__Your objective__. Your copy should hold the lines below from the first through the one that contains "uk-interest-rates-march-2023-1024x440.webp", each retyped exactly, and no pictures.
──────────────────────────────
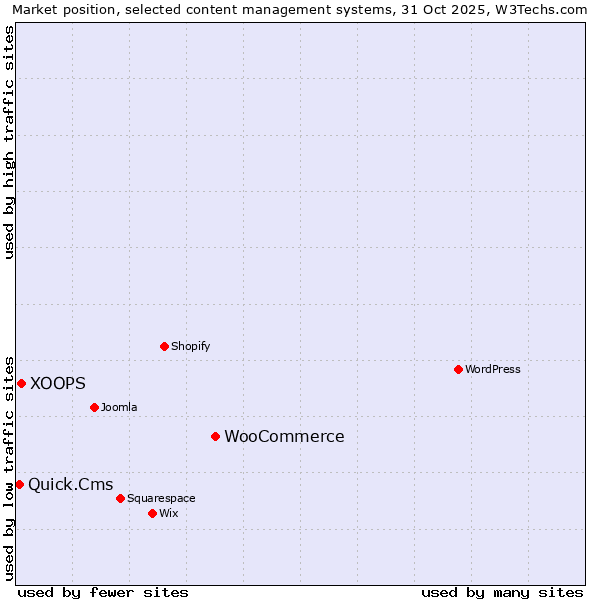 Market position of WooCommerce vs. XOOPS vs. Quick.Cms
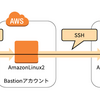 SSH ポートフォワーディングを使って安全に RDP 接続してみよう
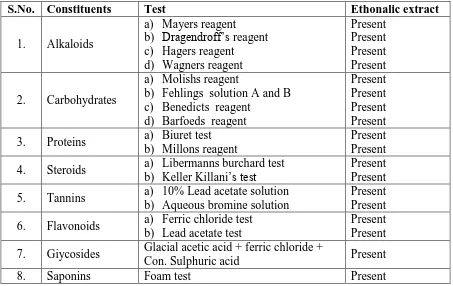 Table No. 1 Phytochemical Screening of Ethanolic extract of seed of mucuna.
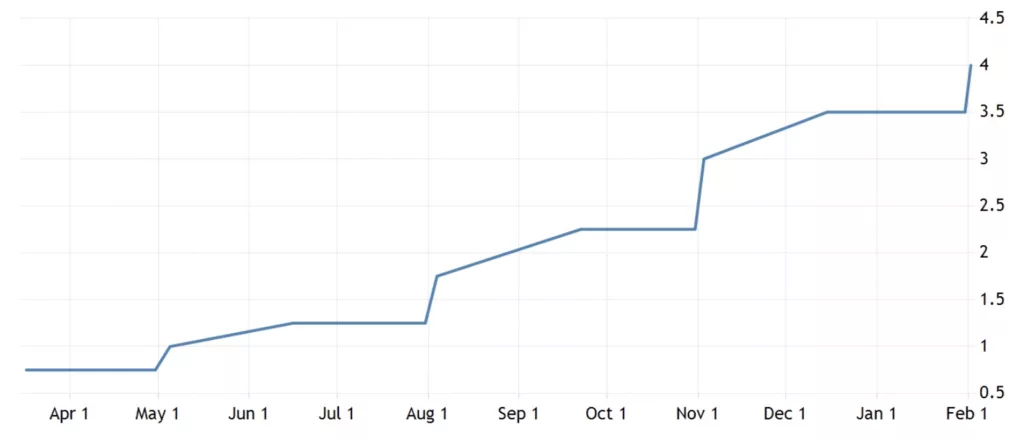 uk-interest-rates-march-2023-1024x440.webp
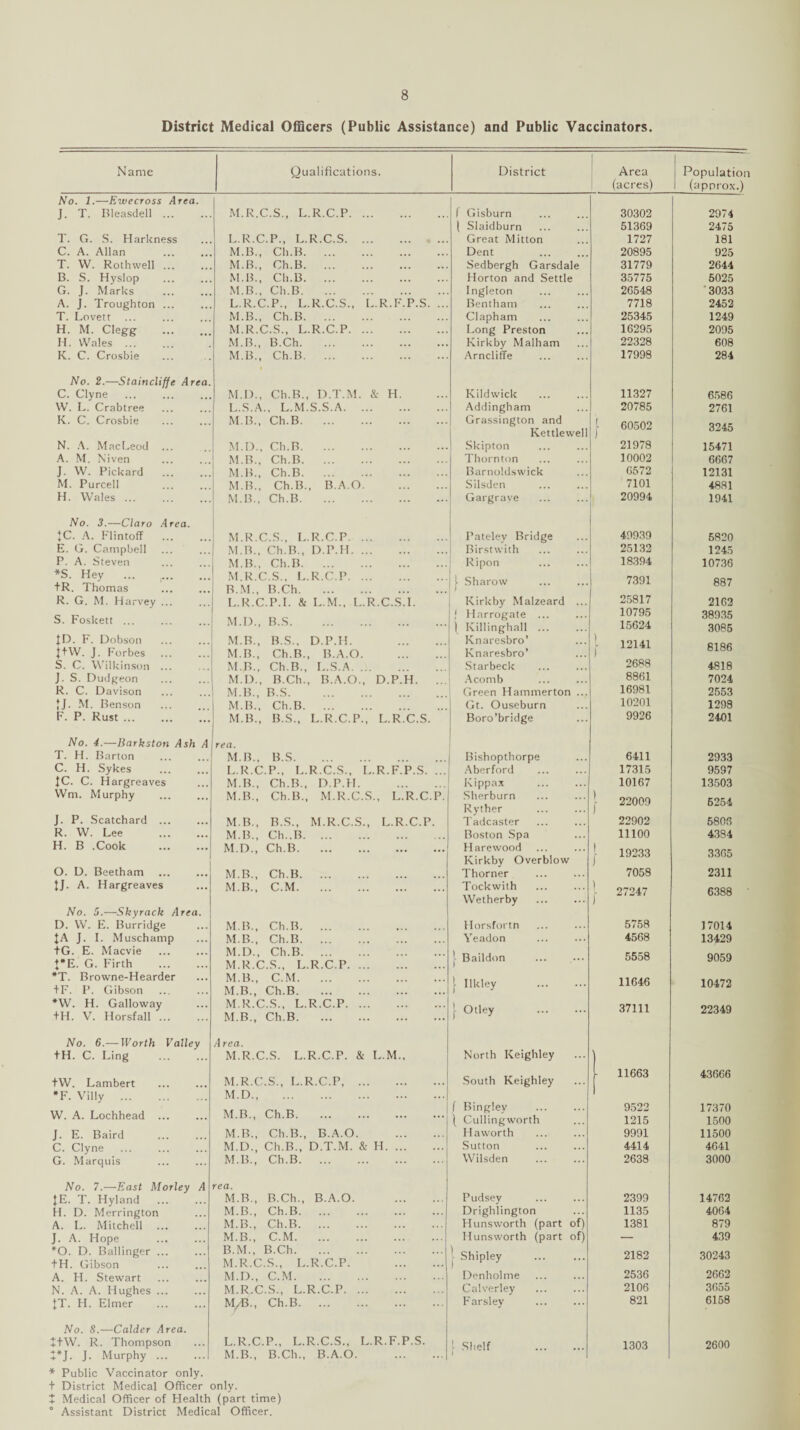 ++++ * -(-++o District Medical Officers (Public Assistance) and Public Vaccinators. Name Qualifications. District Area 1 Population (acres) 1 (approx.) No. 1.—Ewecross Area. l Slaidburn 51369 2475 T. W. Rothwell ... M.B., Ch.B. Sedbergh Garsdale 31779 2644 B. S. Hyslop M.B., Ch.B. Horton and Settle 35775 5025 G. J. Marks M.B., Ch.B. Ingleton 26548 ' 3033 T. Lovett ... M.B., Ch.B. Clapham 25345 1249 H. Wales ... M.B., B.Ch. Kirkby Malham 22328 608 K. C. Crosbie M.B., Ch.B. Arncliffe 17998 284 No. 2.—Staincliffe Area. C. Clyne M.D., Ch.B., D.T.M. & H. Kildwick 11327 6586 W. L. Crabtree L.S.A., L.M.S.S.A. Addingham 20785 2761 K. C. Crosbie M.B., Ch.B. Grassington and Kettlewell j 60502 3245 N. A. MacLeod ... M.D., Ch.B. Skipton 21978 15471 A. M. Niven M.B., Ch.B. Thornton 10002 6667 J. W. Pickard M.B., Ch.B. Barnoldswick 6572 12131 M. Purcell M.B., Ch.B., B.A.O. Silsden 7101 4881 H. Wales ... M.B., Ch.B. Gargrave 20994 1941 No. 3.—Claro Area. E. G. Campbell M.B., Ch.B., D.P.H. Birstwith 25132 1245 P. A. Steven j M.B., Ch.B. Ripon 18394 10736 *S. Hey ... tR. Thomas M.R.C.S., L.R.C.P. ! B.M., B.Ch. j- Sharow 7391 887 R. G. M. Harvey ... L.R.C.P.I. & L.M., L.R.C.S.I. Kirkby Malzeard ... 25817 2162 S. Foskett ... M.D., B.S. 1 Harrogate ... ( Killinghall ... Knaresbro’ 10795 15624 38935 3085 |D. F. Dobson M.B., B.S., D.P.H. . ■ 12141 8186 J+W. J. Forbes M.B., Ch.B., B.A.O. Knaresbro’ S. C. Wilkinson ... M.B., Ch.B., L.S.A. Starbeck 2688 4818 J. S. Dudgeon M.D., B.Ch., B.A.O., D.P.H. .. Acomb 8861 7024 R. C. Davison , M.B., B.S. Green Hammerton ... 16981 2553 }J. M. Benson M.B., Ch.B. Gt. Ouseburn 10201 1298 9926 No. 4.—Barkston Ash A rea. T. H. Barton MB., B.S. Bishopthorpe 6411 2933 C. H. Sykes L.R.C.P., L.R.C.S., L.R.F.P.S. ... Aberford 17315 9597 JC. C. Hargreaves M.B., Ch.B., D.P.H. Kippax 10167 13503 Ryther j- 22009 5254 R. W. Lee . M.B., Ch..B. Boston Spa 11100 4384 H. B .Cook . M.D., Ch.B. Hare wood Kirkby Overblow | 19233 3365 O. D. Beetham M.B., Ch.B. Thorner 7058 2311 tJ. A. Hargreaves M.B., C.M. Tockwith 27247 6388 Wetherby ) No. 5.—Skyrack Area. D. W. E. Burridge M.B., Ch.B. Horsfortn 5758 17014 |A J. I. Muschamp M.B., Ch.B. Yeadon 4568 13429 +G. E. Macvie t*E. G. Firth . M.D., Ch.B. M.R.C.S., L.R.C.P. j Baildon 5558 9059 *T. Browne-Hearder +F. P. Gibson M.B., C.M. M.B., Ch.B. J- Ilkley 11646 10472 *W. H. Galloway + H. V. Horsfall. M.R.C.S., L.R.C.P. M.B., Ch.B. j- Otley . 37111 22349 No. 6.— Worth Valley Area. tH. C. Ling . M.R.C.S. L.R.C.P. & L.M., North Keighley ) +W. Lambert M.R.C.S., L.R.C.P, . South Keighley l 11663 1 43666 *F. Villy . M.D. W. A. Lochhead ... M.B., Ch.B. / Bingley | Cullingworth 9522 1215 17370 1500 J. E. Baird M.B., Ch.B., B.A.O. Haworth 9991 11500 C. Clyne M.D., Ch.B., D.T.M. & H. Sutton 4414 4641 G. Marquis M.B., Ch.B. Wilsden 2638 3000 No. 7.—East Morley A rea. JE. T. Hyland M.B., B.Ch., B.A.O. . Pudsey 2399 14762 H. D. Merrington M.B., Ch.B. Drighlington 1135 4064 A. L. Mitchell . M.B., Ch.B. Hunsworth (part of) 1381 879 J. A. Hope M.B., C.M. Hunsworth (part of) — 439 *0. D. Ballinger. B.M., B.Ch. | Shipley 2182 30243 + H. Gibson M.K.C.S., L.R.C.P. A. H. Stewart M.D., C.M. Denholme 2536 2662 N. A. A. Hughes ... M.R.C.S., L.R.C.P. Calverley 2106 3655 JT. H. Elmer . M/B., Ch.B. Farsley 821 6158 No. 8.—Calder Area. ++W. R. Thompson L.R.C.P., L.R.C.S., L.R.F.P.S. [ Shelf . 1303 2600 :*J. J. Murphy. M.B., B.Ch., B.A.O. Public Vaccinator only. District Medical Officer only. Medical Officer of Health (part time) Assistant District Medical Officer.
──────────────────────────────
__Solution for this problem__.
 Market position of WooCommerce vs. XOOPS vs. Quick.Cms
 SSH ポートフォワーディングを使って安全に RDP 接続してみよう
 Table No. 1 Phytochemical Screening of Ethanolic extract of seed of mucuna.
 uk-interest-rates-march-2023-1024x440.webp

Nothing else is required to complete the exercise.